I want addchar to = happybirthday
For a C-only solution use strncat:
char destination[80] = "";
char string1[] = "Hello";
char string2[] = " World!";
/* Copy string1 to destination */
strncat(destination, string1, sizeof(destination));
/* Append string2 to destination */
strncat(destination, string2, sizeof(destination) - sizeof(string1));
Note that the strn* family of string functions are safer than the ones without n, because they avoid the possibility of buffer overruns.
For a C++ solution, simply use std::string and operator+ or operator+=:
std::string destination("Hello ");
destination += "World";
destination += '!';
If you consider two trivial loops to be "manual", then yes, without using the standard library this is the only way.
char *append(const char *a, const char *b) {
int i = 0;
size_t na = strlen(a);
size_t nb = strlen(b);
char *r = (char*)calloc(na + nb + 1, 1);
for (i = 0; i < na; i++) {
r[i] = a[i];
}
for (i = 0; i < nb; i++) {
r[na + i] = b[i];
}
return r;
}
Remember to call free.
If you're using c++ just use an std::string. With std::strings, the + operator is supported, so you can do string1+string2.
Without using library functions, here is the procedure:
1. Point to the first character in string1.
2. While the current character at the pointer is not null, increment the pointer.
3. Create a "source" pointer pointing to string2.
4. While the character at the "source" location is not null:
4.1. Copy the character from the "source" location to the location pointed to by the String1 pointer.
4.2. Increment both pointers.
Unless this is homework, use C++ std::string for your text.
If you must use C style strings, use the library functions.
Library functions are optimized and validated, reducing your development time.

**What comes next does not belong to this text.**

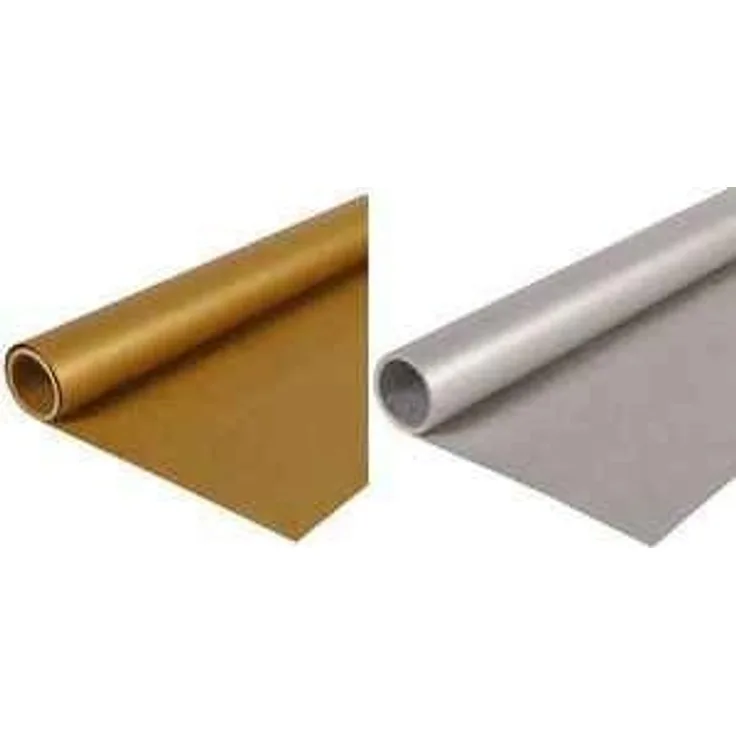 Clairefontaine Packpapier Color, 700 mm x 10 m, silber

Alright, you want something like this:
char1 + char2
First, let's see the insane solution:
C:
char* StringAdd(char* a_Left, char* a_Right)
{
unsigned int length_left = strlen(a_Left);
unsigned int length_right = strlen(a_Right);
unsigned int length = length_left + length_right;
char* result = (char*)malloc(length);
// clear the string
memset(result, 0, length);
// copy the left part to the final string
memcpy(result, a_Left, length_left);
// append the right part the to the final string
memcpy(&result[length_left], a_Right, length_right);
// make sure the string actually ends
result[length] = 0;
return result;
}
C++:
char* StringAdd(char* a_Left, char* a_Right)
{
unsigned int length_left = strlen(a_Left);
unsigned int length_right = strlen(a_Right);
unsigned int length = length_left + length_right;
char* result = new char[length];
// clear the string
memset(result, 0, length);
// copy the left part to the final string
memcpy(result, a_Left, length_left);
// append the right part the to the final string
memcpy(&result[length_left], a_Right, length_right);
// make sure the string actually ends
result[length] = 0;
return result;
}
Now, let's see the sane solution:
char* StringAdd(char* a_Left, char* a_Right)
{
unsigned int length = strlen(a_Left) + strlen(a_Right);
char* result = new char[length];
strcpy(result, a_Left);
strcat(result, a_Right);
return result;
}
So, was this homework? I don't really care.
If it was, ask yourself: what did you learn?